The response in Washington has been to heighten “security” with the huge irony of a fence, if not a wall exactly, being constructed around Donald Trump’s White House. One American senator published an opinion piece in the New York Times, calling for the American military to be sent into the streets to provide security, regardless of the niceties of the American Constitution which the US forces are supposed to uphold, and which mostly prevents precisely this kind of action. Clearly this is about using violence, or the threat thereof, to subdue people who are, well, protesting the use of the violence which makes them insecure in the first place.

The contrast between the Senator’s oped in the pages of the New York Times with the paper’s profile of Dr Bonnie Henry, the chief medical officer in British Columbia, is noteworthy. Dr Henry’s quiet and gentle manner, and determination to use persuasion and the best instincts of residents of that province to limit the pandemic’s spread, rather than draconian enforcement measures, has led to one of the most successful responses to the pandemic in North America. Early action to partly close the economy and careful epidemiological tracking of cases, has, at least so far, dramatically limited the number of casualties in comparison to many other jurisdictions on this continent.

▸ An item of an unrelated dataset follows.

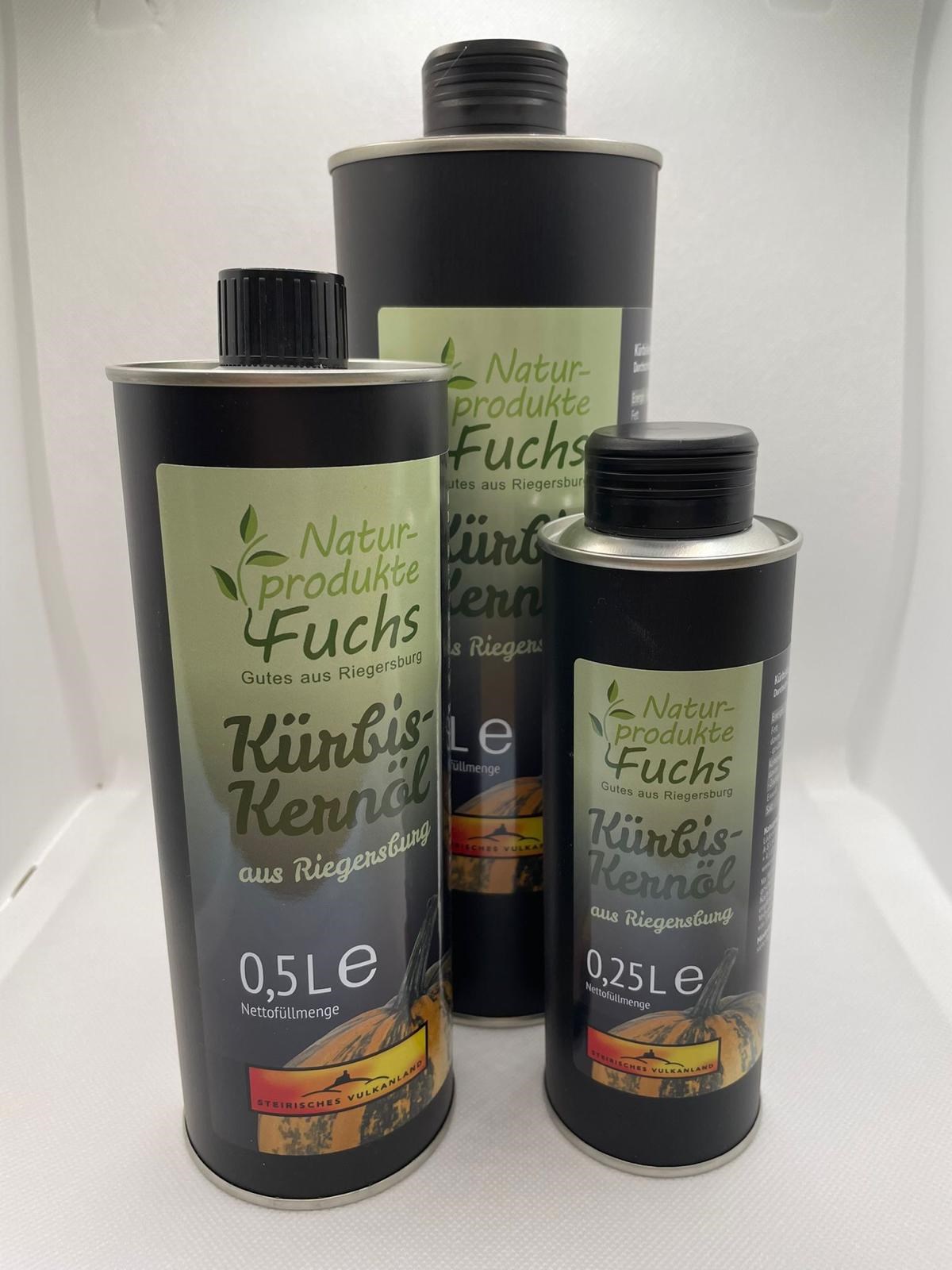 Naturprodukte Fuchs Produkt-Beispiele Kürbiskernöl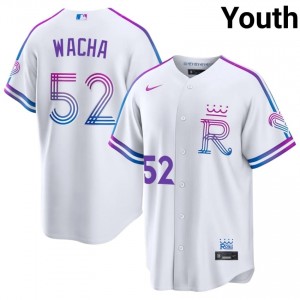 KC Royals Michael Wacha #52 White Youth City Connect Baseball Jersey | 2026 Season Iconic 48783882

This contrast goes to the heart of the issue of how security is now understood. In the aftermath of the events of 9/11 the response was a military one, and the subsequent invasion of Iraq, and continued violence in Afghanistan in particular, has fed into the wider use of force in Western societies. The widespread use of military equipment, liberally spread to police forces in North America, and the resulting militarization of policing – where conflict is so often the assumed condition of police action – has ironically led to numerous people being made more vulnerable. Where public health budgets are inadequate, first responders to health emergencies are often heavily armed police, not the health care workers and counsellors who are needed. The widespread epidemic of chemical dependencies that afflict impoverished communities, treated as something that needs military swat teams to challenge drug users, only makes vulnerabilities even worse; hence the demand to defund police forces so money can be spent elsewhere.

The refusal of protesters in many parts of the world to back down in the face of threats of violence, and the widespread support for the Black Lives Matter campaigns, suggests that, perhaps, just perhaps, the long term legacy of histories and colonial violence – and the pernicious effects of the more recent militarization of “security” in the aftermath of 9/11 – are finally getting the urgent reconsideration they need. Before they were swept aside by the war on terror, the 1990s discussions of human security emphasized the importance of thinking about prevention before the fact, rather than violent responses after the fact. The pandemic response of careful planning and calm measured actions, epitomised by Dr Henry in British Columbia, suggests that security in a rapidly changing world, where the new threats to human welfare are from disease and rapidly accelerating climate change, will be much better provided by collaborative planning and sensible preparation. The alternative is to wait and see what happens, and then try to use violence to quell protests after state failures have once again revealed entirely predictable human vulnerabilities. Only by stretching the term to impossible lengths can this latter course of action be meaningfully rendered as “security”.